Resultados técnicos y precisión de los lanzamientos
Durante las operaciones, supervisadas directamente por Kim Jong-un, los batallones de artillería emplearon un total de 12 sistemas lanzacohetes de calibre 600 mm. Estas unidades son conocidas por su capacidad de saturación de objetivos y su versatilidad en el terreno. La prueba principal consistió en un ataque coordinado hacia un objetivo simulado ubicado en una isla a una distancia exacta de 364,4 km.

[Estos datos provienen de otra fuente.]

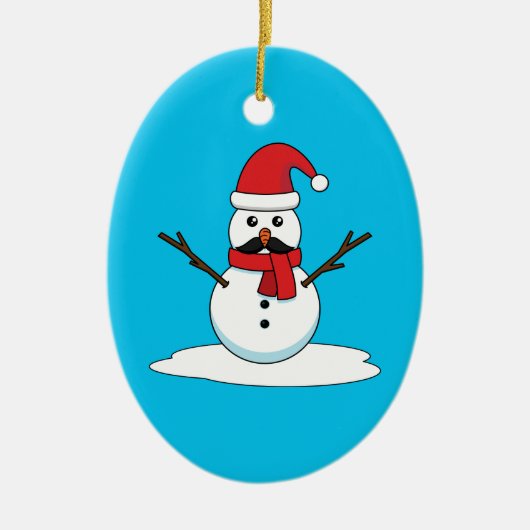 おもしろい雪だるま(口ひげとニンジン) セラミックオーナメント (正面)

Los proyectiles lograron impactar en el blanco con una precisión quirúrgica, lo que, según los expertos militares presentes, demuestra que la tecnología de guiado y la estabilidad de los cohetes han alcanzado niveles de madurez avanzados. Este rango de alcance sitúa a gran parte del territorio regional bajo el radio de acción de estas baterías, elevando la importancia estratégica de estas unidades en el tablero geopolítico de Asia.
El mensaje político de Kim Jong-un
Tras la conclusión exitosa de las maniobras, el líder Kim Jong-un se dirigió a las tropas y a los mandos militares para expresar su satisfacción por el desempeño mostrado. El mandatario subrayó que este tipo de ejercicios son vitales para comunicar de manera clara el poderío del armamento nacional a los países que mantienen posturas hostiles hacia su administración.

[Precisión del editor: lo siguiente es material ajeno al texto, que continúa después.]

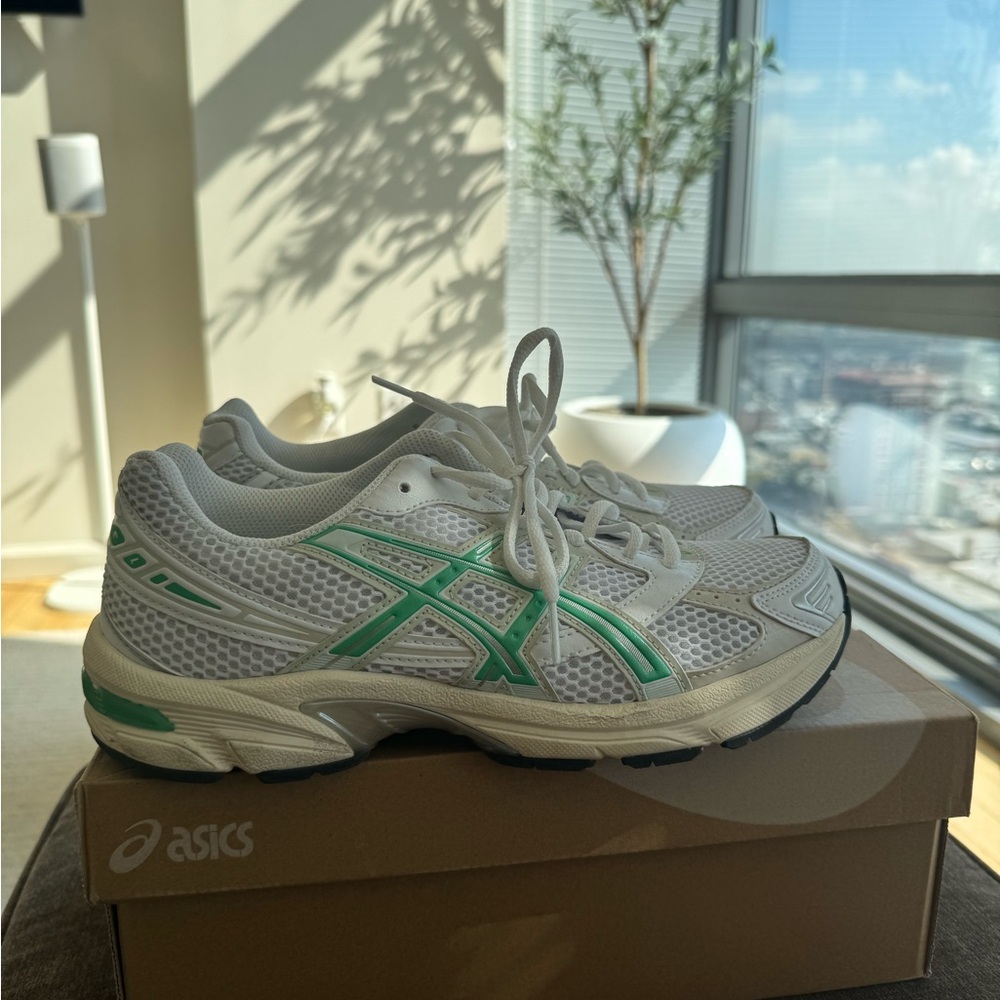 ASICS White and Green Running Shoes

En su discurso, el líder norcoreano fue enfático al declarar que la estabilidad de la nación depende directamente de su capacidad de respuesta armada. «No basta con desear la paz, hay que defenderla», afirmó de manera tajante, según la transcripción de la agencia KCNA. Esta declaración refuerza la postura de que el armamento no es solo una herramienta de guerra, sino un instrumento de negociación y protección de la soberanía.
Perspectivas sobre el futuro militar
El gobierno ha confirmado que estos ejercicios de artillería no serán eventos aislados. Por el contrario, se integrarán en un calendario de entrenamiento recurrente para asegurar que las tropas mantengan un estado de alerta máxima. La intención de Pyongyang es continuar refinando su tecnología de proyectiles de gran calibre para asegurar que sus defensas sean impenetrables.
En un contexto de crecientes maniobras militares conjuntas en la península, Corea del Norte parece decidida a no ceder espacio en la carrera armamentística regional, utilizando su artillería de 600 mm como un recordatorio constante de su autonomía técnica y militar.